Once upon a time, I made exceptions for men.

Remember that post where I said that I could write a post on making exceptions for men within the context of polyamorous relationships, dating monogamous men who were willing to “make exceptions for me”?

That post is here, and that time is now. I didn’t forget to make that post. I was always going to.

From the time that I began outing myself as polyamorous (or, initially, non-monogamous) all the way to my refusal to date monogamous men, there were times when I dated monogamous men who were willing to “make exceptions for me” within the context of a relationship where they were clearly monogamous and not willing to date or be in relationships with anyone else other than me, but were — or at least made it seem, because it never looked like it was any different from my point of view — perfectly alright with me dating and being in relationships with other men (although, for the record, my “comfortable limit” of relationships has always been two, although I would not be opposed to three if I were in two and the right person came along… I like to remind confused monogamous people that they tend to have more than two close friends).

At first, I was fine with this as long as the monogamous partner that I was with was fine with this.
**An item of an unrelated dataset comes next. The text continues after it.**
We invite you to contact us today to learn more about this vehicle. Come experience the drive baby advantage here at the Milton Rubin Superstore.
However, as time went on, I became increasingly less fine with this, because I felt like the dynamic of each relationship where this happened was tilted toward me in a peculiar way, even though the monogamous man stated — and sometimes insisted — that they were fine with this. A lot of the time, I felt like they were making this exception because it was me who they were dating, not because they would normally make this exception or consider this carte blanche. Even though I would never refuse to give someone permission to date other people or be in relationships with other people if I wanted that same permission myself and so always extended that permission, making it clear, the men who “made these exceptions for me” obviously never took me up on that offer, and they insisted that they wouldn’t because they “were willing to be monogamous for me”. It just eventually got to the point that I decided not to date monogamous men any longer, men who were more comfortable being monogamous, or men who “were willing to be monogamous for the right person” (hello, Kat Blaque) because I didn’t want to have to deal with the unevenly skewed dynamic that would always be there in the relationship even though they insisted “that things were alright”.

I started refusing to date monogamous men eight years or so ago and am still glad that I have done so.
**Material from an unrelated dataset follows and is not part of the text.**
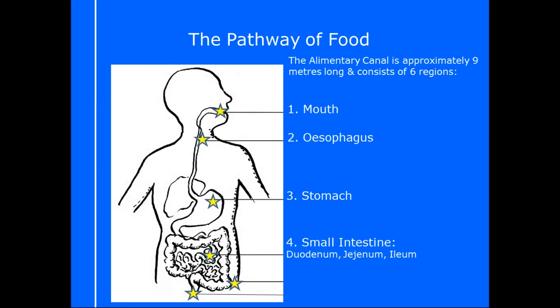The duodenum works more on the digestion side, and the jejunum and ileum work more with absorption. Once food has hit the small intestine and gone through those three areas, it goes to the large intestine — sometimes known as the colon — which is much bigger in diameter compared to the small intestine. Then you have the anus, where the food gets deposited. So that is our six-point pathway of food: mouth, oesophagus, stomach, small intestine (duodenum, jejunum, ileum), large intestine, and anus.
I’ve started this habit, and I do not regret this.

In between migraines and… living the slightly busy life that I do with my kids, I’ve started to queue up posts, and with very few exceptions, I do not regret getting into this habit. This means that if I am having a day where there is a lot of migraine activity (and to get the diagnosis of chronic migraine disorder, you have to have at least fifteen headache days per month with at least eight of those being migraine days, and I have that diagnosis… on top of that, mine are intractable, which means that medication does not easily “put them down”), or Bub and Monster are keeping me busy, I don’t have to worry about missing days posting on here. Having posts queued also helps in the event that my server actually does suffer the downtime that I mentioned last month, because when it does manage to come back up, the posts that I had queued will automatically publish… or, at least, that’s how they have so far, but the first, last, and only downtime that I actually saw my site have lasted over the course of one night, and then I had to fix the SSL that I have here.

I am continuing to titrate down on Trokendi, having been on topiramate in some form for awhile now.
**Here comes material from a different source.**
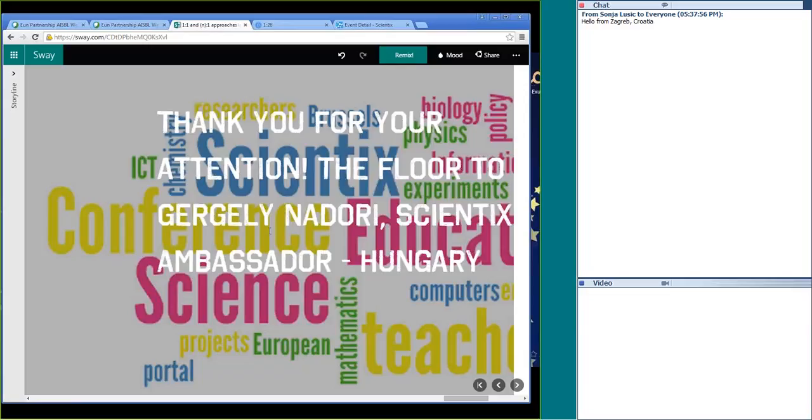I will be passing the floor to Gergely Nadori from Hungary. I really appreciate that he agreed to share his hands-on experience. He will be telling you more about Webcam Laboratory and how eventually one-to-one can be transformed to n-to-one in practical science classes.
Like I’ve probably already mentioned(, using social media so much that I have to ask myself “have I mentioned this here?”), if I am having migraines at the frequency and severity that I am, the medication that I’ve been on the longest… might not be the one that’s working. I did feel it when I dropped down from 300mg to 200mg, but once I got over that hurdle, I felt no difference. And it wasn’t even so much as more migraine activity than I felt the side effects — or lack of some, if you want to be technical — of dropping down 100mg.